The numbers tell the tale.

According to Morningstar, just 44.9 percent of Goldman’s U.S. diversified stock funds managed to beat their peer average over the three years ended on Dec. 31. Just 34.7 percent of such funds beat their peer average over 5 years and 28.3 percent over 10 years.

Only 11.5 percent of Goldman’s foreign stock funds beat their peer average over 3 years, 6.7 percent over 5 years and zero percent over 10 years. Similar stories play out in both the taxable and municipal bond categories.

Morningstar’s calculations were done on funds holding a total of $59 billion in assets and exclude money markets. The funds are sold by brokerages, including Merrill Lynch and Edward Jones, and by regional banks.

“With just a few exceptions, these funds are chronic underperformers,” Morningstar mutual fund analyst Karin Anderson says.

Fund Missteps

Spokeswoman Raphael says the firm’s own research using Morningstar data shows Goldman mutual funds performing substantially better in certain categories, though still trailing their peers.

As for Goldman separate accounts, EVestment looked at narrower categories — such as U.S. core high-quality fixed income and Japan small-cap equity — and found Goldman Sachs trailing more than two-thirds of its rivals over the 3-, 5- and 10-year periods.

Missteps large and small have contributed to the poor performance. The Class A shares of Goldman Sachs Concentrated International Equity Fund, for example, were dragged down by a position in Renault SA during the three years ended on Dec. 31, according to a Morningstar performance analysis.

The stock lost more than half its value, and the fund trailed its category average by more than two percentage points for the period.

Bad Health Care Bet

The international fund’s U.S. sibling, the Goldman Sachs Concentrated Growth Fund, was hurt by its overweighting in health-care stocks, a Morningstar analysis concluded. Such shares fell because of concern over the Obama administration’s health-care law.

Another possible culprit in GSAM’s underperformance is expenses. Goldman’s diversified U.S. equity funds sport an asset-weighted average expense ratio of 1.02 percent versus an average of 0.79 percent for the U.S. diversified mutual fund universe as a whole.

Bove says GSAM may also be putting an undue emphasis on marketing.

“It could be that the focus of an asset manager within a brokerage is more sales oriented than performance oriented,” he says.

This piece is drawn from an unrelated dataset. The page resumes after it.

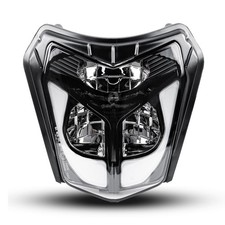 BICYACO Dirt Bike Headlight, 40W 2700LM DOT LED Headlight with DRL Hi/Lo Beam,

So why do investors keep their accounts at the New York firm? The prestige of the Goldman Sachs name is a big factor.

The Power of a Name

“A lot of wealthy clients like to say, ‘I have my account at Goldman, blah, blah, blah,’” says Michelle Clayman, founder of New Amsterdam Partners LLC, an investment manager that owned 267,235 Goldman shares as of Sept. 30.

Even GSAM’s once-vaunted hedge funds have lost their sizzle. Hedge-fund assets totaled $19.5 billion as of September, making Goldman the 16th-largest hedge-fund firm, according to Bloomberg Markets’ annual ranking of hedge funds. That amount was down 34 percent from Goldman’s year-end peak of $29.5 billion in 2006, when GSAM was the world’s largest hedge-fund manager.

Goldman’s incentive fees — the 20 percent of profits that hedge funds and some other investment vehicles generate — totaled just $65 million for the first nine months of 2010. That’s down from a peak of $962 million for fiscal 2006.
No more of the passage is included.